No schadenfreude, honest, on my part. Maybe some or many of those poor people trying to holiday in France actually voted Remain. But what is all this nonsense about ‘despite extra ferries during the night’?
As the blame, as always, seems to be on French controls at Calais, what will extra ferries achieve apart from emptying Dover and filling up Calais?
Absolutely, the problem is at passport control due to increased checks introduced since Brexit - significantly tighter checks to be done later this year which will make the current delays seem minimal unless appropriate implementation is done - we all know this is unlikely so expect the additional checks to be delayed.
I’m not sure anybody from the management of the Port of Dover have said that. The passengers can’t be processed any quicker, there isn’t the space from what the independent experts say.
In an announcement the port said that ferry companies had received 15% more coach bookings for the Easter period than the port had initially anticipated when it began planning four months ago, so did the bookings all happen the day before the start of the holiday
I popped back to London by train recently. It was a breeze as the trains are three carriages shorter, so 150 odd people less which is what they can process through their god-awful e-tickets gates.
No great fan of eurostar, and no doubt prices will change to reflect this. However they looked at new post-Brexit situation and adapted business model. Not exactly rocket science?
I don’t know, haven’t been that way for many years, so, if true, how does it help to have extra ferries, unless, as has been said @Griffin36, both Dover and the ferryers are useless at planning?
I don’t know the detail, nor if ferries were cancelled because of bad weather added to other processing delays.
Last year the problem was not enough French on the passport booths - if that wasn’t the case this year and passport checks were not the bottleneck (though I understand they de-prioritised coaches because of the number of passports to check) adding extra ferries would help.
Dover has some unique problems given the lack of land area available, right now it is extremely sensitive to delays causing even slightly longer processing times than normal - <Deity> only knows what it is going to be like when EES kicks in.
Rather than physical stamps in passports it will be electronic, but with biometric tests - most likely fingerprinting - to confirm ID. That means (eg) all the occupants of a car will have to have fingerprints done rather than, as now, a quick glance to make sure they look roughly like their passport photo.

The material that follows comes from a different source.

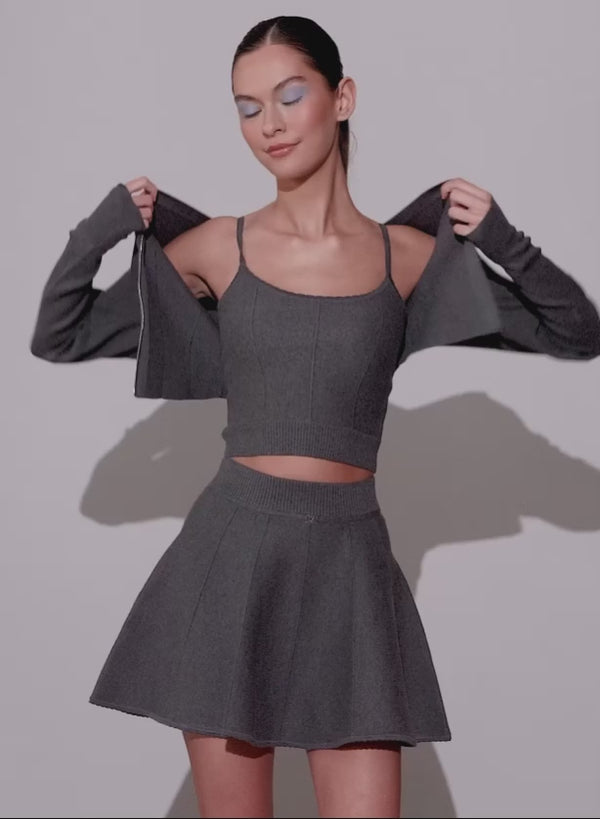 Dark heather grey - Knit Corset Top | Fleur du Mal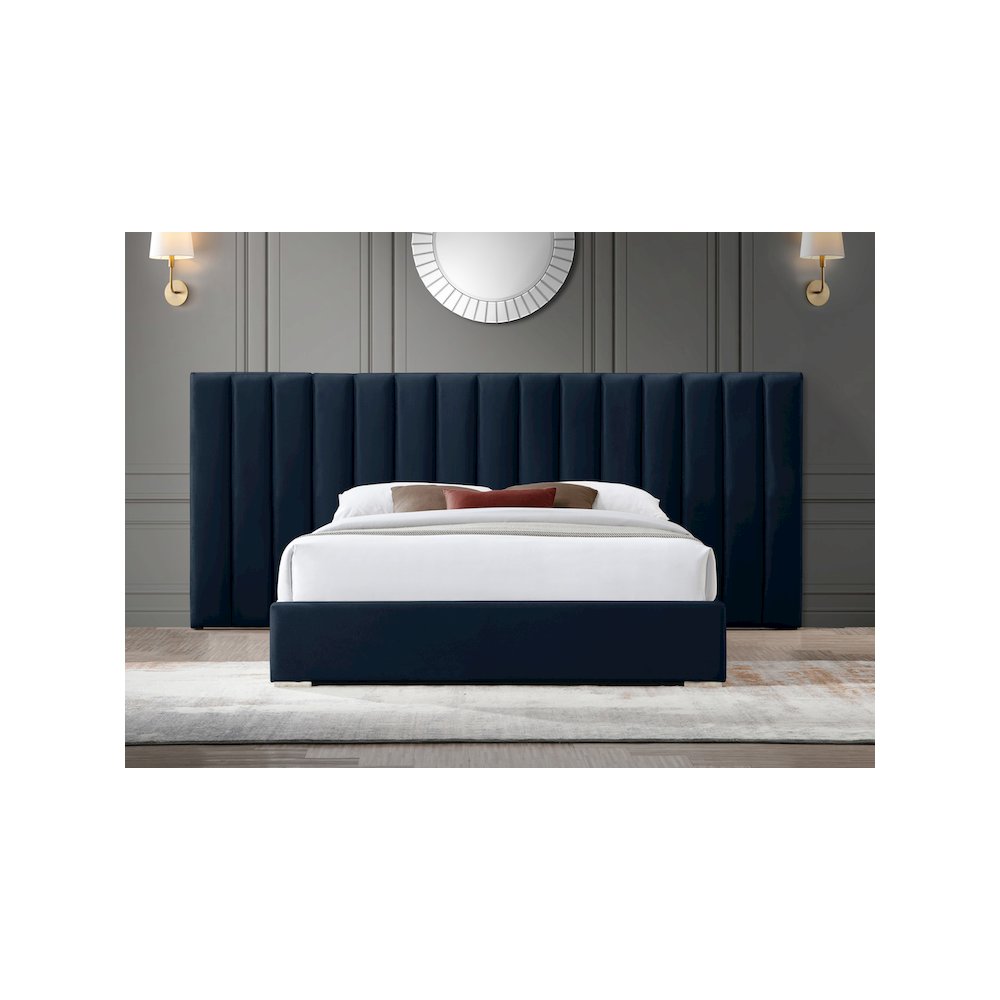 Pablo Navy Velvet King Bed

So basically, Brexit. The wind and the waves played a part and the ferry operators misrepresented the coach bookings, or sold space they did not have, but it all boils down to Brexit.
Just a thought then, how do British Nationals but French residents fare arriving in a car for example in Dover? Is there a separate queue or do you still have to inch forward till you get to French control before being waved through without the other stuff? Presumably we don’t need visa or stamps, just a passport and CdS. Is that right?
BTW, I didn’t know Angela Rippon had migrated to the dark side.
Some years ago I spoke to a ferry officer about why some coaches had not boarded the ferry when here was ample space on the vehicle decks. He stated that ferries are licenced for a maximum number of passengers and coaches often have up to 50 passengers and this ferry had embarked the licenced number of people.
Perhaps coach numbers 15% higher than planned when added to a high demand for cars carrying 4 or 5 people created a situation where ferries were up to passenger limits?
Excellent clip, couldn’t be clearer, it’s a Brexit bonus Plus, Angela and the other dork couldn’t grasp that the problem is only going to get worse.
We were the first from our flight through the electronic passport scanners in Marseille airport on Friday, after which they immediately broke down. We heard an exasperated border officer exclaim “ça commence…” as she emerged from her booth to redirect the queues.